- Exercise goal:
Output nothing but the lines from the one holding "2014-freightliner-cascadia-113-image-110" to the end of the listing. Reproduce them exactly, without the pictures.

- Exercise materials:
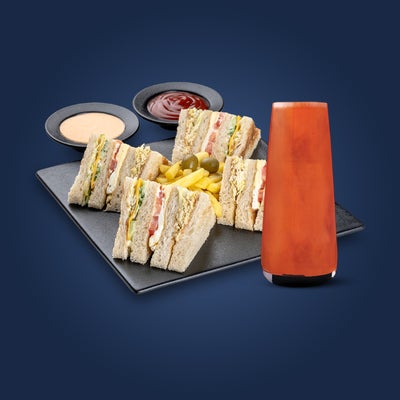 CLUB WITH CHIPS+ COCKTAIL JUICE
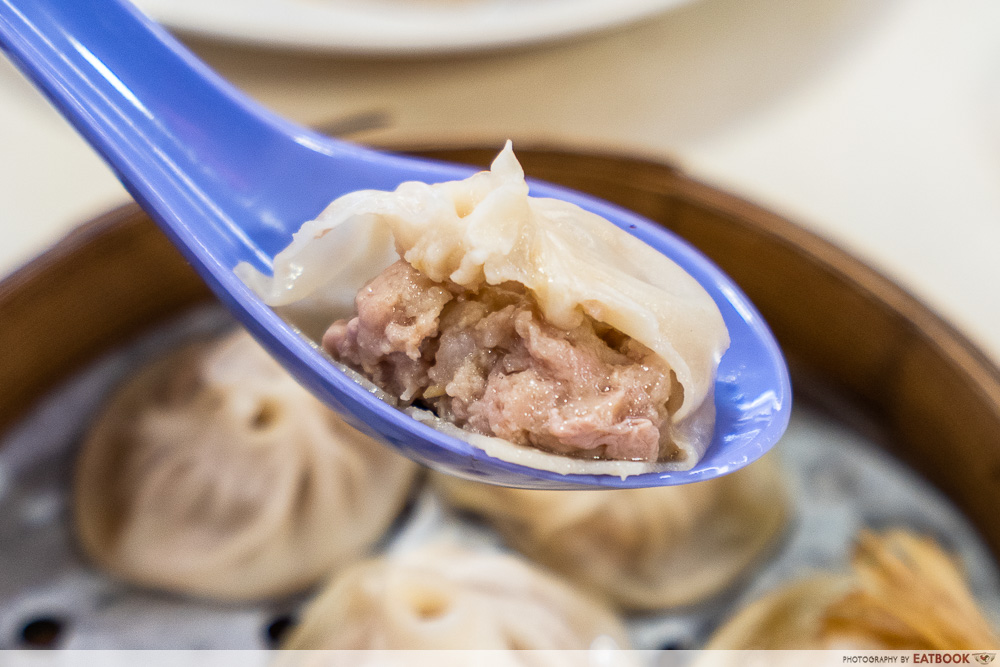 rong xing la mian xiao long bao - xlb cross section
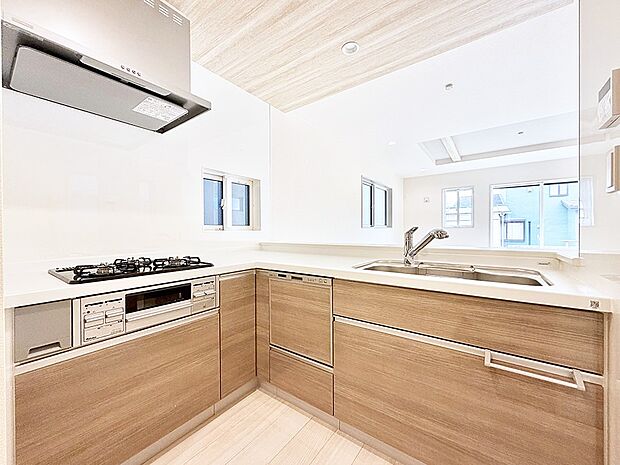 ■シンプルで機能的、毎日使いやすいキッチン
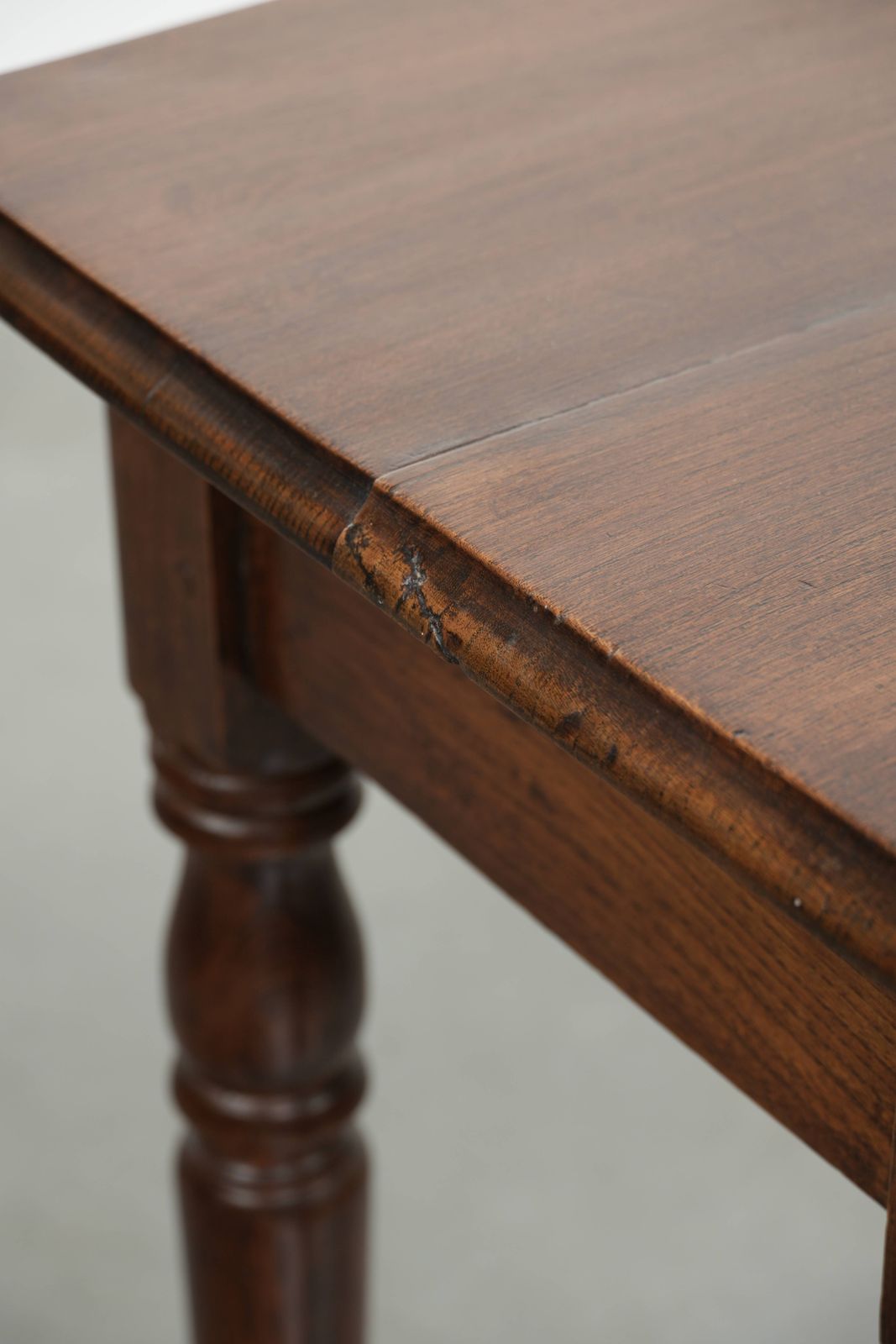 545.0 Antique English Oak Side Table/Hall/Corridor Table From The Early 19th Century With A Beautiful Appearance. photo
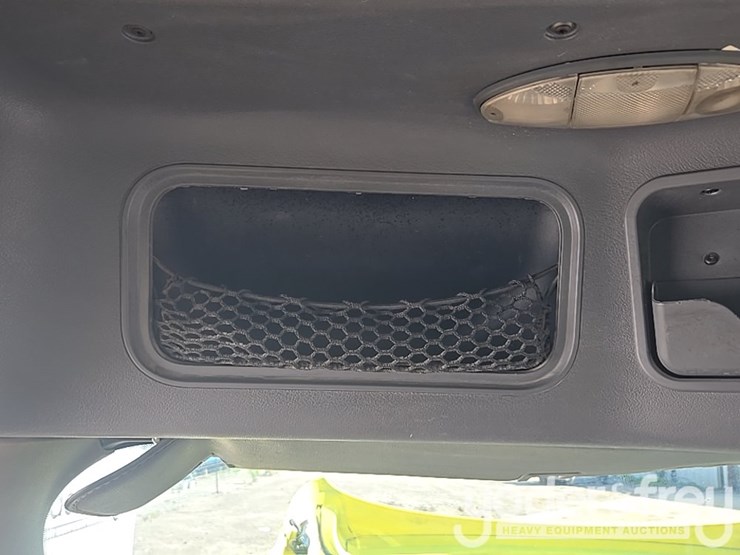2014-freightliner-cascadia-113-image-110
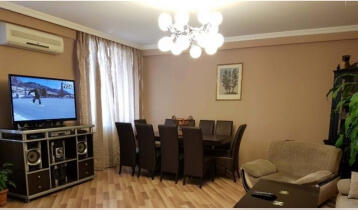(Auto Translate!) Freshly renovated, 5-room apartment with furniture and appliances, isolated kitchen.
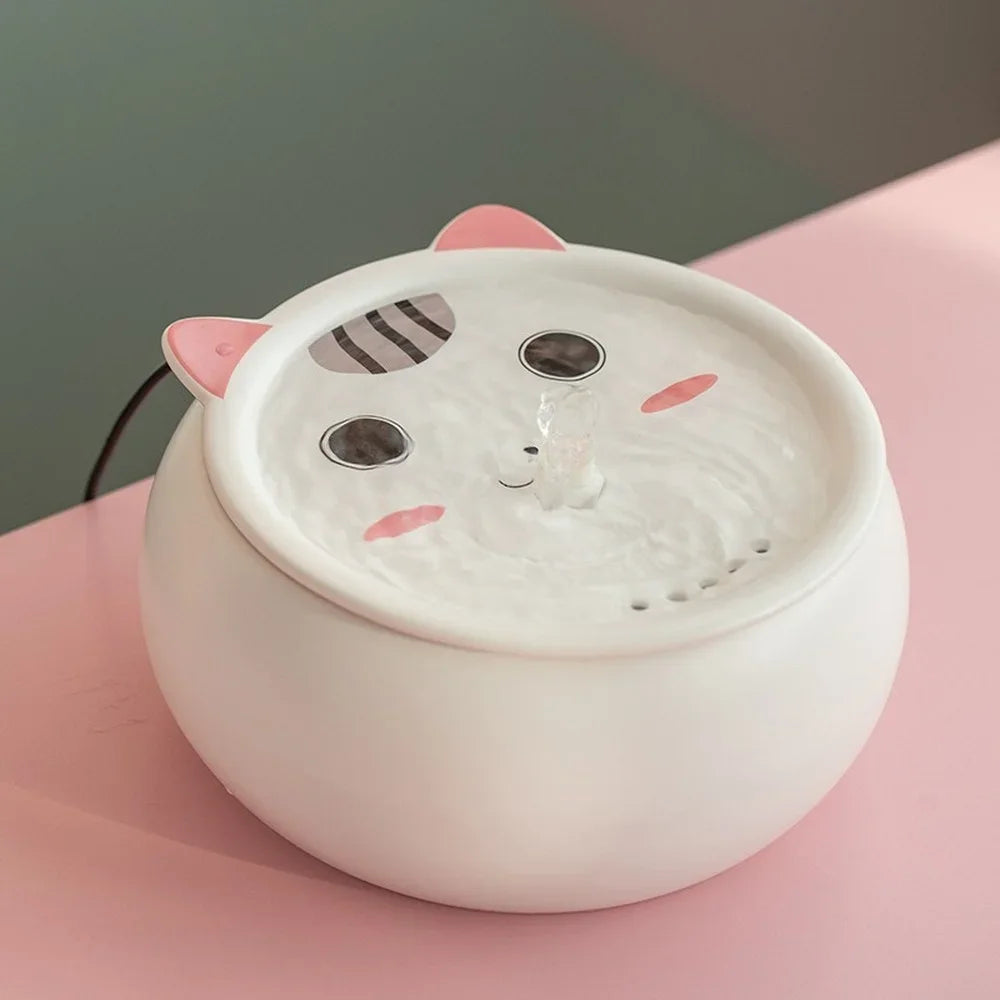 Distributeur d'eau pour animaux en céramique blanc avec oreilles de chat, design mignon et fontaine intégrée.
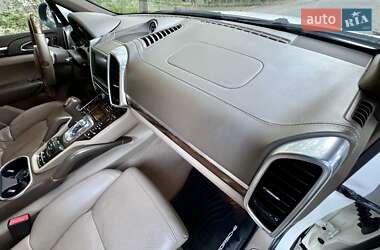 Позашляховик / Кросовер Porsche Cayenne 2011 в 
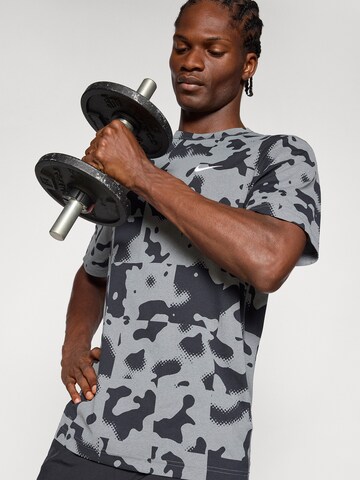 NIKE - Camiseta funcional 'HYVERSE' en gris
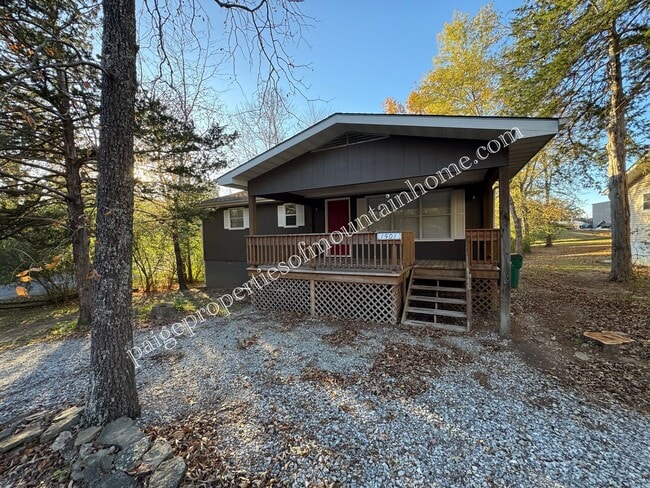 Building Photo - Charming 2 Bedroom, 1.5 Bath Home in Bull ...
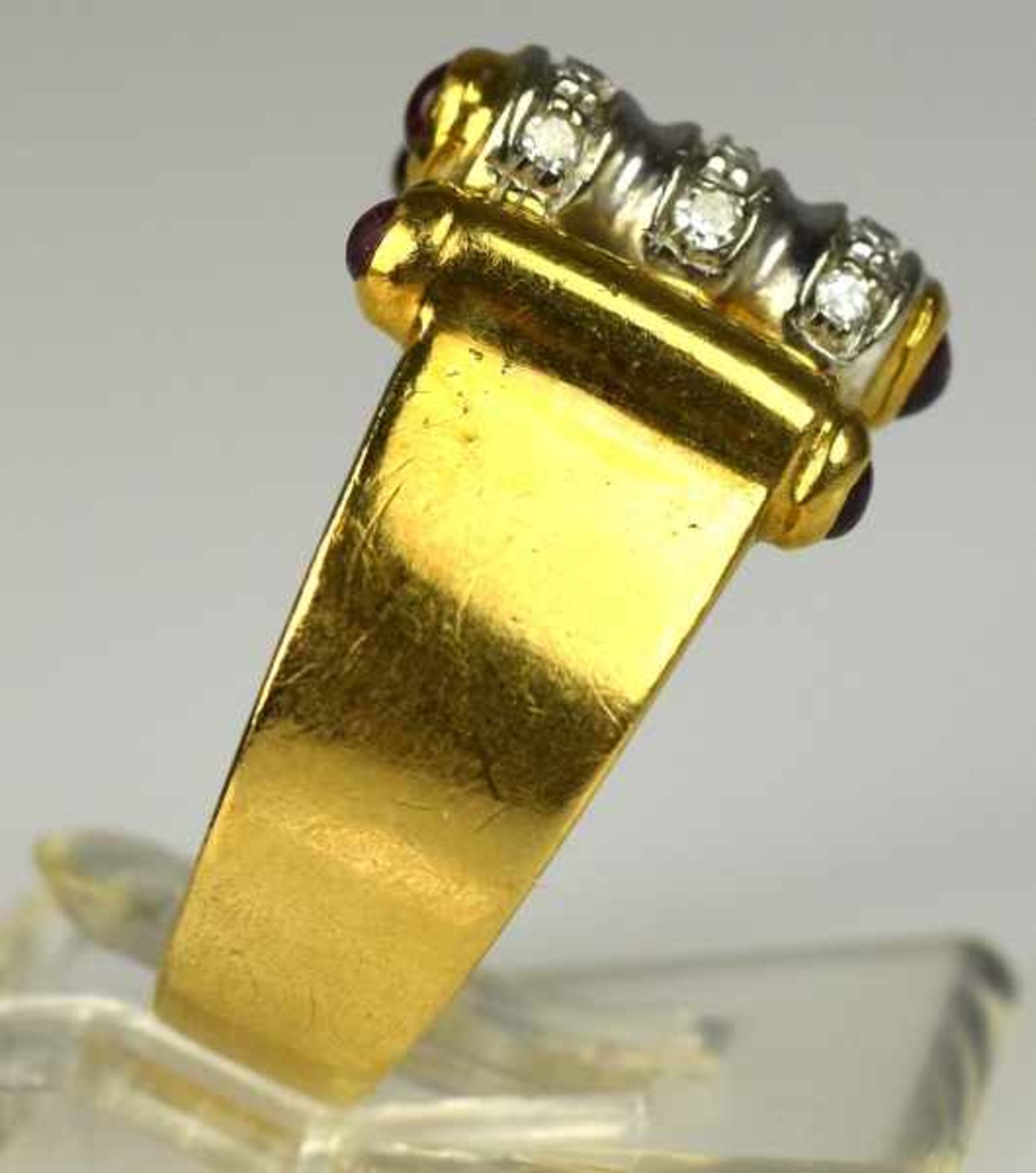 RING besetzt mit 9 Brillanten und 6 Rubincabochons in Gelbgoldfassung 18ct, 6 g, Gr. 54 - Bild 3 aus 4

- Exercise output:
2014-freightliner-cascadia-113-image-110
(Auto Translate!) Freshly renovated, 5-room apartment with furniture and appliances, isolated kitchen.
 Distributeur d'eau pour animaux en céramique blanc avec oreilles de chat, design mignon et fontaine intégrée.
 Позашляховик / Кросовер Porsche Cayenne 2011 в 
 NIKE - Camiseta funcional 'HYVERSE' en gris
 Building Photo - Charming 2 Bedroom, 1.5 Bath Home in Bull ...
 RING besetzt mit 9 Brillanten und 6 Rubincabochons in Gelbgoldfassung 18ct, 6 g, Gr. 54 - Bild 3 aus 4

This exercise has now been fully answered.